Any reason this bug is not verified?

Hello Daniël,

Thank you for the report and configuration file.
My apologies for missing out this report for so long. In the last 15+ days, I have attempted this 5+ times and each time I'm ending up with exact scenario i.e disk full condition on slave(as you mentioned bin log is hosted on diff partition and rest things on diff including relay logs) but still not observing the slave crash.

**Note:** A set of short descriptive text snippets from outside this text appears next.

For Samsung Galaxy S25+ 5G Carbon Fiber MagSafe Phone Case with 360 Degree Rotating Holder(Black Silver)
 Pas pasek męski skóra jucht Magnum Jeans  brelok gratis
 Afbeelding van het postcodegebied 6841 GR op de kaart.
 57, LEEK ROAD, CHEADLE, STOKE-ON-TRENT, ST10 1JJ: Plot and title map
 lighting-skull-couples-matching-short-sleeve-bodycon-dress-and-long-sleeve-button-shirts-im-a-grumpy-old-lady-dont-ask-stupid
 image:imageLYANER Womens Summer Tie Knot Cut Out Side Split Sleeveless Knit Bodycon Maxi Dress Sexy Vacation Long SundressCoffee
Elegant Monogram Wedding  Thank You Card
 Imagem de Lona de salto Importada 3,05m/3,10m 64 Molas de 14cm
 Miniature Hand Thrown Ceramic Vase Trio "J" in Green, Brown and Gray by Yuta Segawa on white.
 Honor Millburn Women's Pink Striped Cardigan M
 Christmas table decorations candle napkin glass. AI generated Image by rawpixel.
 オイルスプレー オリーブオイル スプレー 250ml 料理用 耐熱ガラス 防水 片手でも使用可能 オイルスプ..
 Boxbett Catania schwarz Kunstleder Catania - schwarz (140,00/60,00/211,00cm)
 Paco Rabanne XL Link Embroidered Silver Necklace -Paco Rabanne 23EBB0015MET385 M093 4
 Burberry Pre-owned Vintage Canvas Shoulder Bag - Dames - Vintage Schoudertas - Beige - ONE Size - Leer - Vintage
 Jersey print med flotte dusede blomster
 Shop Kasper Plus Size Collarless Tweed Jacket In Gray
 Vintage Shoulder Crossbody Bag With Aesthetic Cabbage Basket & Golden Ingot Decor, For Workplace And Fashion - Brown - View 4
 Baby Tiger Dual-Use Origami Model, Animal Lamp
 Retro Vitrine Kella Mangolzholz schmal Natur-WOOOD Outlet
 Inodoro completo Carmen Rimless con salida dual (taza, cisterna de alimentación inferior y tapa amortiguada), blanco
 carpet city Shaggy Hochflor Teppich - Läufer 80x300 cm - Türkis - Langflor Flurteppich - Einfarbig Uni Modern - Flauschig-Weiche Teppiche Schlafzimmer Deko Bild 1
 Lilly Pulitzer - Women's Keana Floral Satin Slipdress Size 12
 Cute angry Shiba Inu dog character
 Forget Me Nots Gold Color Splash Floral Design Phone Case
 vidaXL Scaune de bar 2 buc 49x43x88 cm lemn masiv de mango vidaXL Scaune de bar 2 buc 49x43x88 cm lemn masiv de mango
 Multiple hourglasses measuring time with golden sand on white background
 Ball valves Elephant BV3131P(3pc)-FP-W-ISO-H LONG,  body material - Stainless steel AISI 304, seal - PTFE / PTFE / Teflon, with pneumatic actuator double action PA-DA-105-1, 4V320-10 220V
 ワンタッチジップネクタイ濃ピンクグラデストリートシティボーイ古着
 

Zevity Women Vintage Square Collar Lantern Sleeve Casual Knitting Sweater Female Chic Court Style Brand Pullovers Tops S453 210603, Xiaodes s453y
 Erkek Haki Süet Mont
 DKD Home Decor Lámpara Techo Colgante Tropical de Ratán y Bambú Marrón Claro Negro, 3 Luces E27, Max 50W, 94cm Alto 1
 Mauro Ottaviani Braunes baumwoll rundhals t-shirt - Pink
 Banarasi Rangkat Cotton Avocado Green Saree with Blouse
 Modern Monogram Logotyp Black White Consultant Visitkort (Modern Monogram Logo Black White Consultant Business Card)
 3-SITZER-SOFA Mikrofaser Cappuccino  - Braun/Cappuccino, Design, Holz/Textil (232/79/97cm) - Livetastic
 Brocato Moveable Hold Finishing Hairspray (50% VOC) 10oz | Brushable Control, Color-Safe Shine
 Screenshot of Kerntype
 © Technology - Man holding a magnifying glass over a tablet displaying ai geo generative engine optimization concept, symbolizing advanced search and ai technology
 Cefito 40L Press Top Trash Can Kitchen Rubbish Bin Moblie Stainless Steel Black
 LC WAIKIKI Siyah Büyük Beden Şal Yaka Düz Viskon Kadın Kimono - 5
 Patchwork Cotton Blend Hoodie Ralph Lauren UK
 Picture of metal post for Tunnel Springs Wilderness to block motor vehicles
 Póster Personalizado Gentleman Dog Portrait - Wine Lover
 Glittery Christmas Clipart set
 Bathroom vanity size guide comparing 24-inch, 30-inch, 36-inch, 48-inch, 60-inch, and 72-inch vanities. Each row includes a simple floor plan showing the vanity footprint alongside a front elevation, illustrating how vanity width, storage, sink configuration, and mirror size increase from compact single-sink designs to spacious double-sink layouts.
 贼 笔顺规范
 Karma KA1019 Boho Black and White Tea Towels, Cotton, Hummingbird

If any chance you observe similar issue once again then please let us know and I'll give it a try again at my end. 
In the meantime I'll check internally if there was any related bug fixed in this area and would let you know.  I'm joining the worklog shortly for your reference.

Thanks,
Umesh

test results

Attachment: 72143.results (application/octet-stream, text), 20.09 KiB.